By consensus, this thread is reopened specifically to discuss Harry Potter and the Deathly Hallows. It will be closed again once that discussion has run its course.
***SPOILER ALERT***
- **Spoilers for Harry Potter and the Deathly Hallows lie here. Read at your own risk***
It'll be fun - after we finish a three book cycle, we'll spin a large virtual wheel and somebody gets to be The Boss Of Us that month (at least as far as reading matter).
"Bwahahahhaha! You'll all read Ethan Frome and you'll LIKE IT!"
Okay, it goes without saying MM is right out.

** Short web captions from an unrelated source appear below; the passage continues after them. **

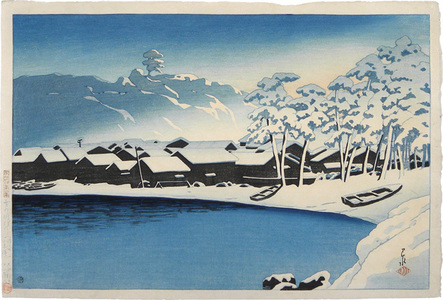 Kawase Hasui: Souvenirs of Travel, Second Series: Dawn snow at the port of Ogi, Sado (Tabi miyage dainishu: Yuki no akebono [Sado Ogi wan]) - Scholten Japanese Art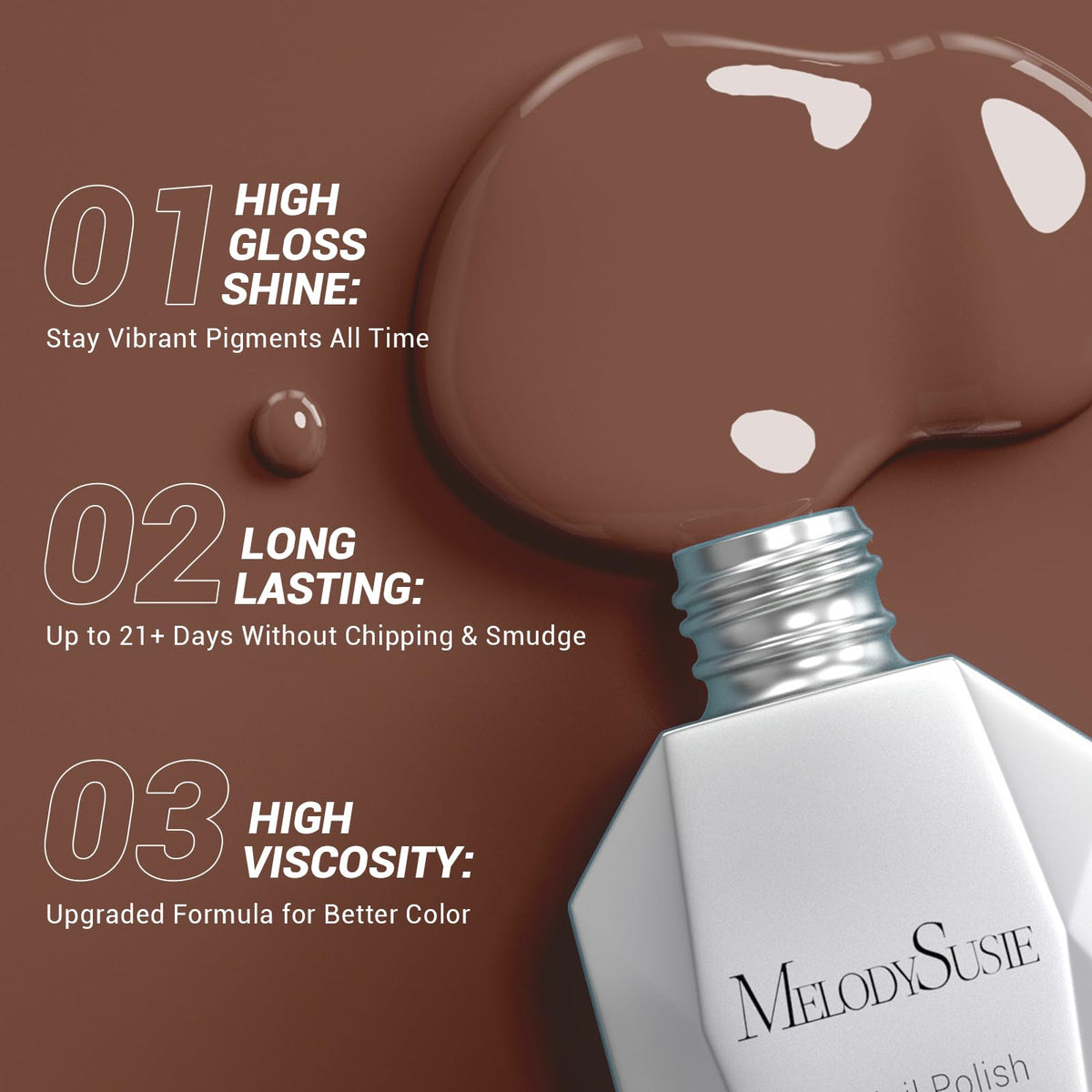 MelodySusie Cocoa Brown Gel Nail Polish bottle side view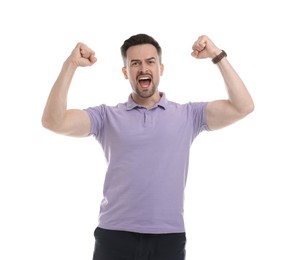 Photo of Portrait of happy winner on white background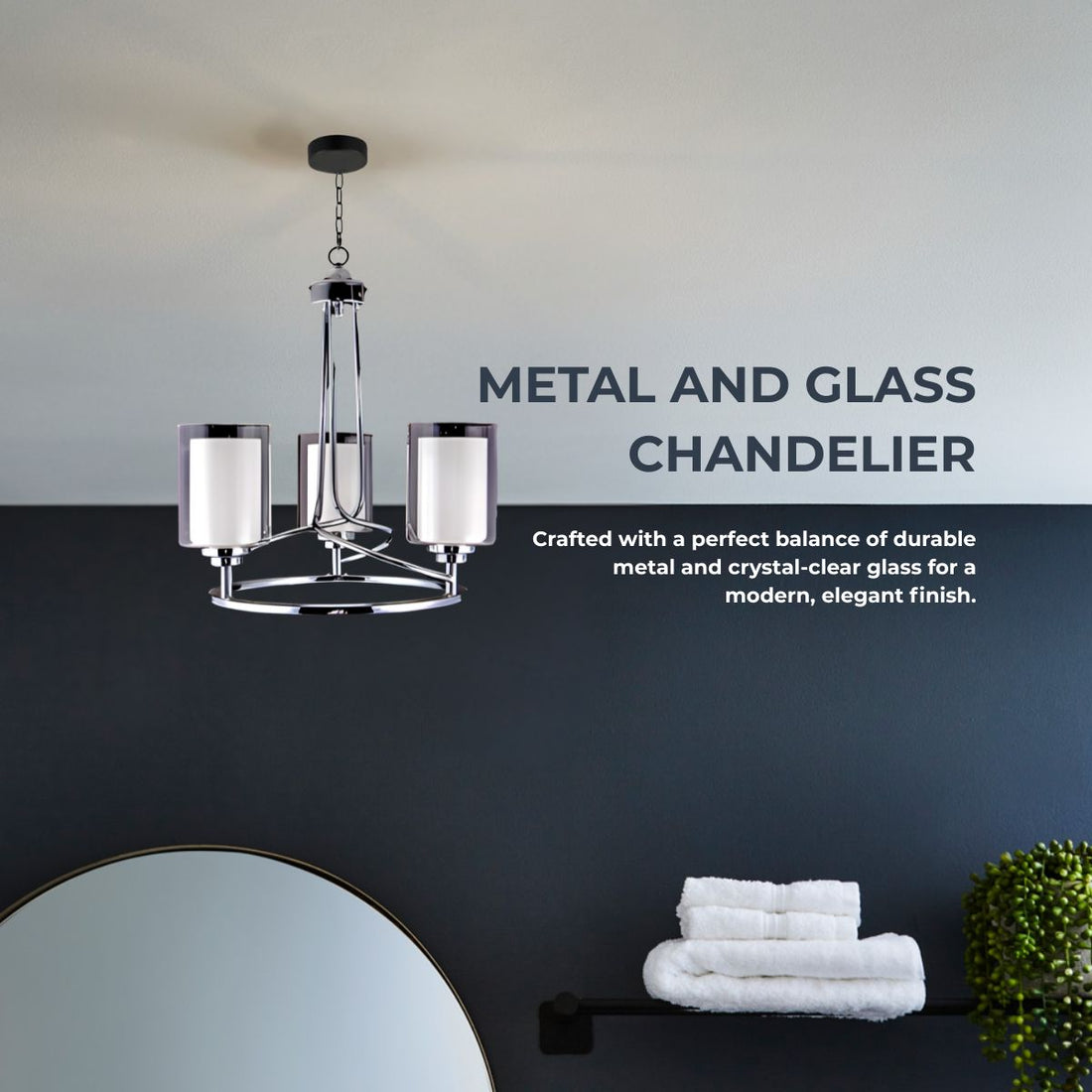 Minimalist 3-Light Chrome Cylinder Pendant Chandelier – Modern Ceiling Fixture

Very cool idea!! Also, I love the suggestion upthread of pairing up books. A suggestion for two relatively recent selections, one fiction and one non-fiction (the non-fiction author got the idea of the book from reading the fiction one)--The Alienist by Caleb Carr and The Devil in the White City by Erik Larson. The first is a wonderfully creepy serial killer book set in 1890s NYC, with real people fictionalized and intermingling with the original characters. The second has parallel storylines, one dealing with Daniel Burnham, architect and organizer of the Chicago Columbian Exposition of 1893, and the other with a serial killer who actually did transform his hotel on the outskirts of the fair into a death factory, where he killed an unknown number of women.
The Alienist by Caleb Carr and The Devil in the White City by Erik Larson
I love this pairing. I've been wanting to read The Alienist again, and a friend just finished The Devil in the White City and said it was fascinating.
Maybe pairings should be stretched over two months, though? I'm usually a fast reader, but with a baby under eight months, not so much at the moment. And I hate the idea of skimming to keep up.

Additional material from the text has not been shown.